First look at Nvidia's Vera Rubin AI system — 1.3 million components and 10 times more efficient

Niles warned that not all companies will emerge unscathed as AI threatens to automate workflows, squeeze prices, and lower barriers to new rivals entering the market.

“There’s some real companies that are going to go to zero in the software space,” Niles said. He added that the most resilient players will be in the database and cybersecurity sectors.

Nvidia shares rose as much as 2% in extended trading after the quarterly earnings report.

The selloff in software stocks this year has weighed on the S&P 500 software and services index, which has lost nearly 23% as of Wednesday’s market close.

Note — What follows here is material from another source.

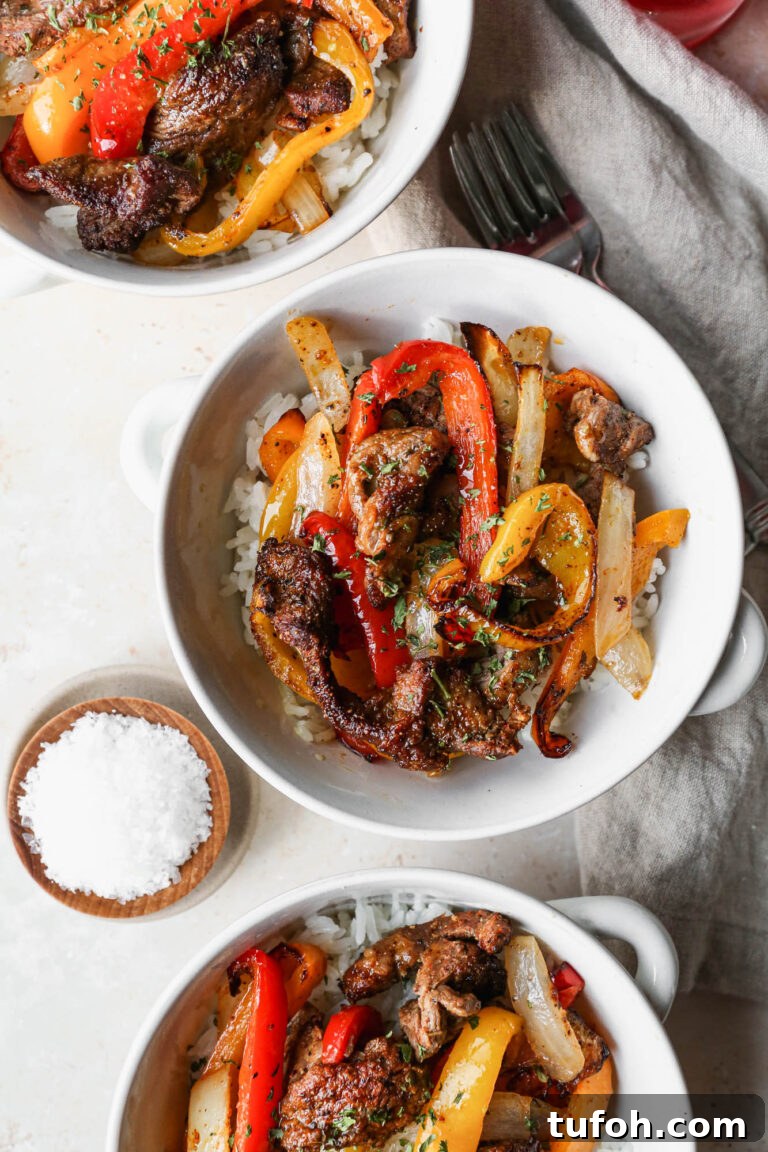 Air fryer fajitas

CNBC’s Jim Cramer, however, rejected the doomsday prediction, suggesting that fears over an AI-fueled existential threat for software companies were overblown and the reality is less dire.

“The software companies are survivors. They can merge. They can adapt. They can do whatever is really necessary to get it so they stay in business,” Cramer said Wednesday on “Mad Money.” 

“They’re priced for perfection, though, and they do seem to have, let’s say, kind of a rugby-scrum feel about them — and we don’t pay up for scrum,” he added.